▶ [Collected material]
────────

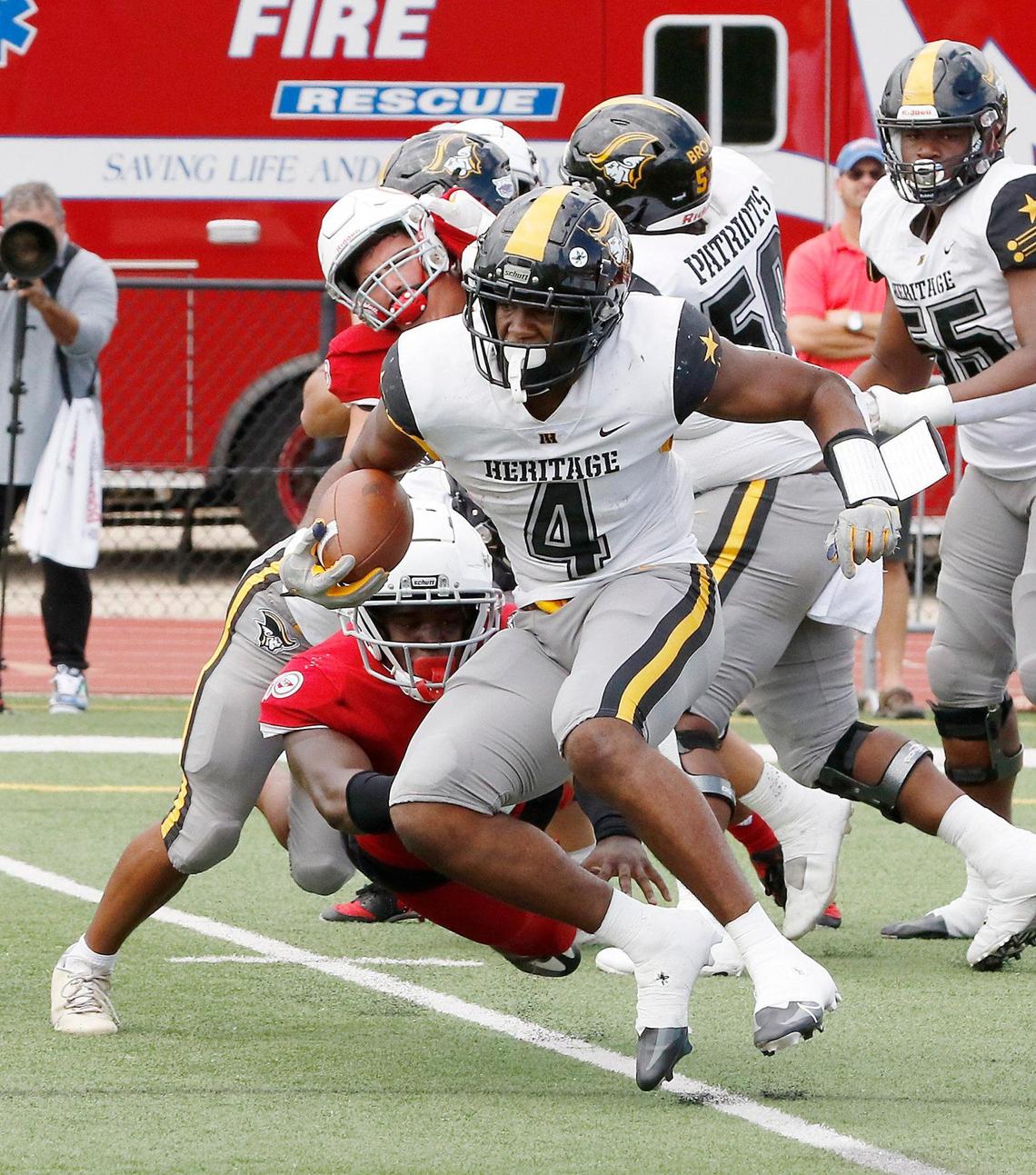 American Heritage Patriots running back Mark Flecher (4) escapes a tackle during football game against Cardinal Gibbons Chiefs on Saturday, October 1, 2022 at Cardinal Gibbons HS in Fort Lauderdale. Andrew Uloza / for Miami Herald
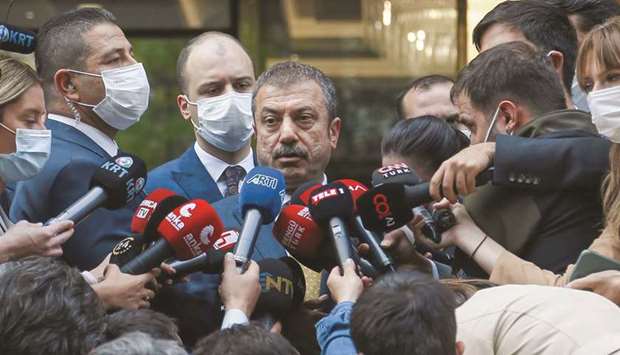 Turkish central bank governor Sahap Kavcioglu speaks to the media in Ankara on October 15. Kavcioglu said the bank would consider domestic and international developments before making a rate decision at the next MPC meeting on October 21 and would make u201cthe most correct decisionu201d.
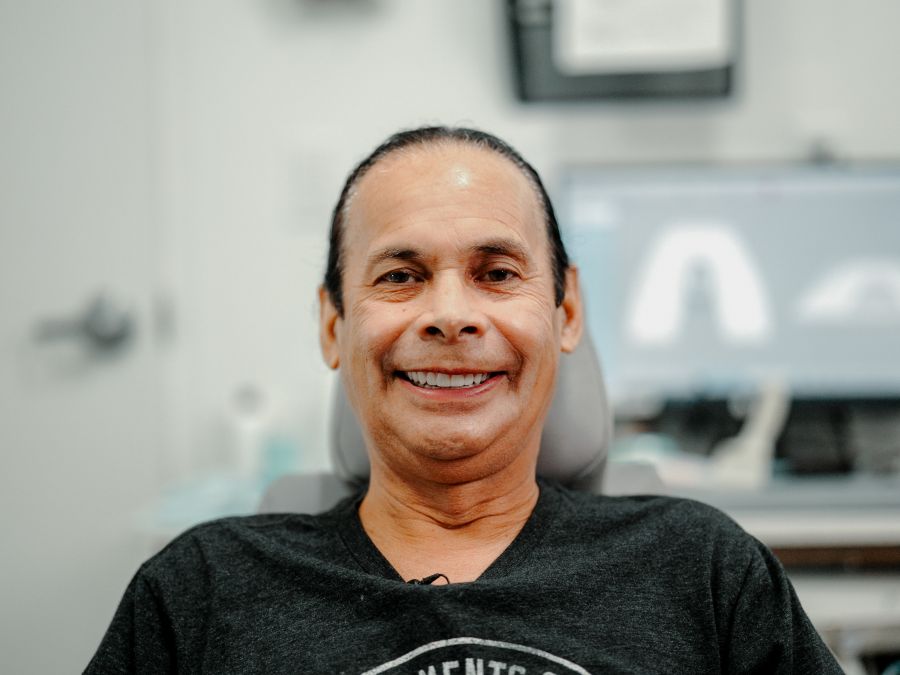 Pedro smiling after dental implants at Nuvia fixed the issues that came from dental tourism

────────

Reproduce the whole listing above word for word, but not its pictures.

▶ [Result of the task]
 American Heritage Patriots running back Mark Flecher (4) escapes a tackle during football game against Cardinal Gibbons Chiefs on Saturday, October 1, 2022 at Cardinal Gibbons HS in Fort Lauderdale. Andrew Uloza / for Miami Herald
 Turkish central bank governor Sahap Kavcioglu speaks to the media in Ankara on October 15. Kavcioglu said the bank would consider domestic and international developments before making a rate decision at the next MPC meeting on October 21 and would make u201cthe most correct decisionu201d.
 Pedro smiling after dental implants at Nuvia fixed the issues that came from dental tourism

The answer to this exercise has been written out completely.